MPS Awardee Spotlight: Subhash Khot

Subhash Khot, New York University
Subhash Khot,
New York University

Subhash Khot, a professor of computer science at New York University’s Courant Institute of Mathematical Sciences, conducts research on hardness of approximation and probabilistically checkable proofs. He is a 2015 Simons Investigator in Theoretical Computer Science and one of 13 principal investigators in the Simons Collaboration on Algorithms and Geometry (A&G), which brings together experts in mathematics and theoretical computer science.

According to Khot, the A&G collaboration has prompted some ambitious long-term projects. By investing energy in understanding each other’s areas and ideas, investigators gain a new perspective for their own work. “Usually people are expert in a specific area and are well aware of the most challenging questions as well as the limitations of current techniques in that area,” he says. “They are often thinking about these problems for years, perhaps decades, and unable to make further progress. By interacting with people with different backgrounds and research interests, they can discover connections that might exist. Once in a while, one stumbles upon unexpected connections between two areas that greatly benefit both.”

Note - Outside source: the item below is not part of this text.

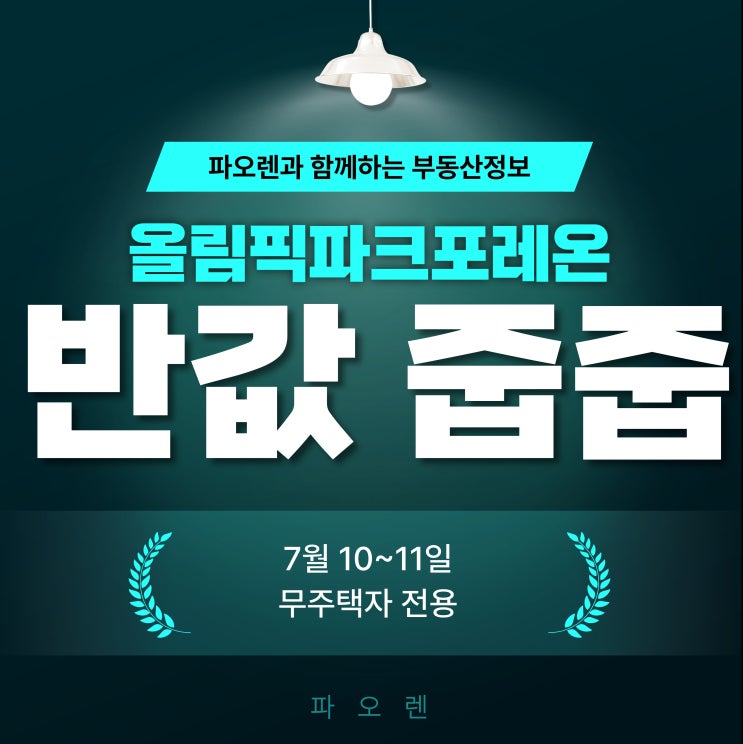  올림픽파크포레온 무순위 청약 4가구 접수 시작｜분양가 시세 절반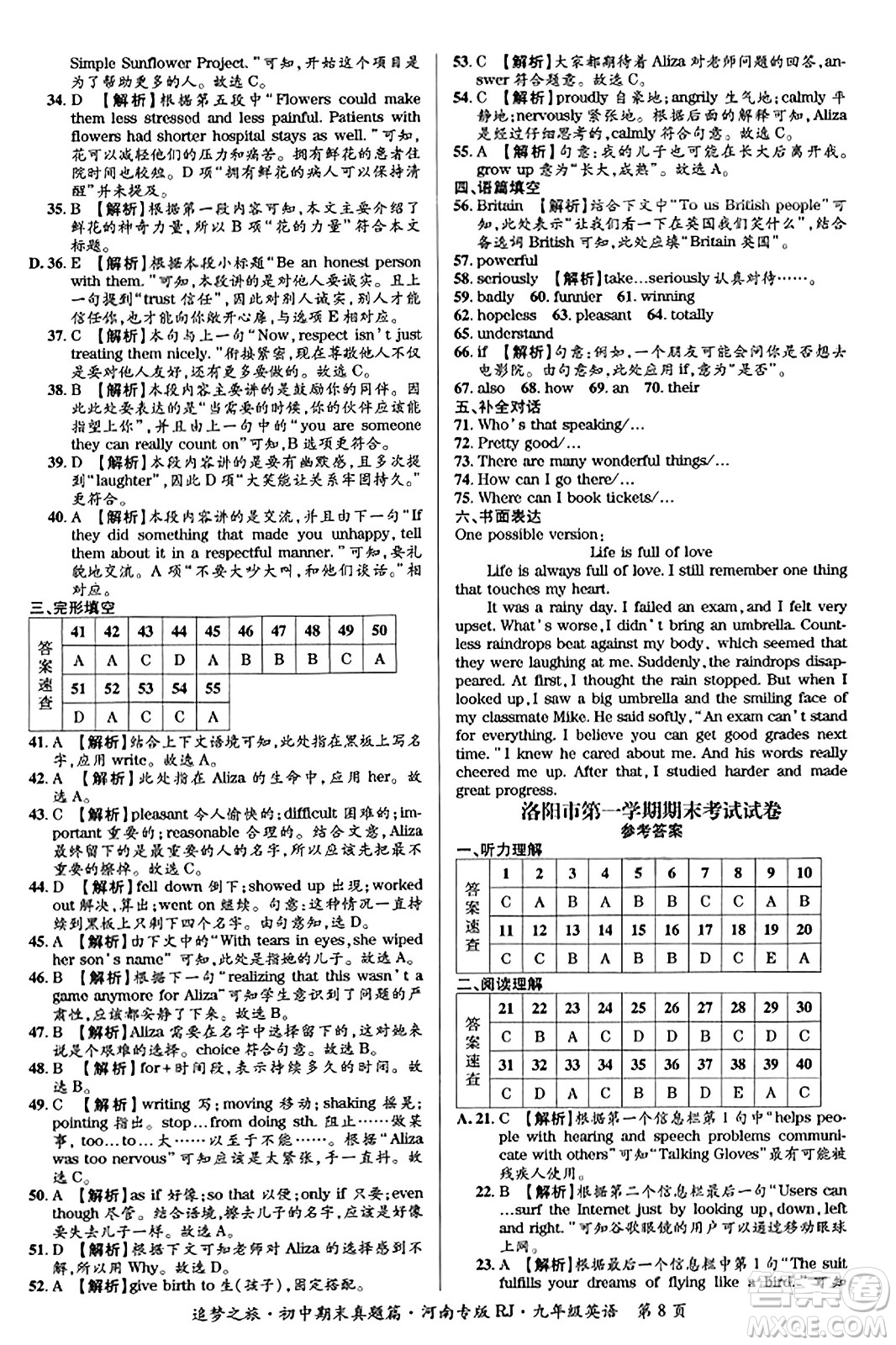 天津科學(xué)技術(shù)出版社2023年秋追夢(mèng)之旅初中期末真題篇九年級(jí)英語全一冊(cè)人教版河南專版答案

Much of Khot’s own work lies at the interface of mathematics and computer science. Recently, in collaboration with Muli Safra, a professor of computer science and Dor Minzer, a graduate student, both at Tel Aviv University, Khot studied a computer science problem called monotonicity testing that might be stated as follows: Given a function on the Boolean hypercube, you want to test whether this function is monotone, that is, entirely increasing or entirely decreasing, by looking at as few values of the function as possible. It turns out that this problem, quite unexpectedly, is closely connected to isoperimetric problems that are central to geometry. In Euclidean space — the space we live in — we know that if we have an object with a fixed volume, its surface area is at least equal to the surface area of a sphere with this volume. But in other spaces, where we have a notion of volume and of surface area, what object of fixed volume has the smallest surface area? The question can be asked in many different geometric spaces, including the Boolean hypercube, which is of particular importance in theoretical computer science. By proving new variants of known isoperimetric results on the hypercube, Khot and his collaborators were able to design the best possible algorithm for the monotonicity testing problem.

“This is one question that I recently worked on, and we solved the problem,” Khot says. “We were very happy with it, and it shows the connections between computer science and mathematics really, really closely. In the context of this problem, and there are more examples, computer science and mathematics go hand in hand — it’s difficult to say which inspired which.”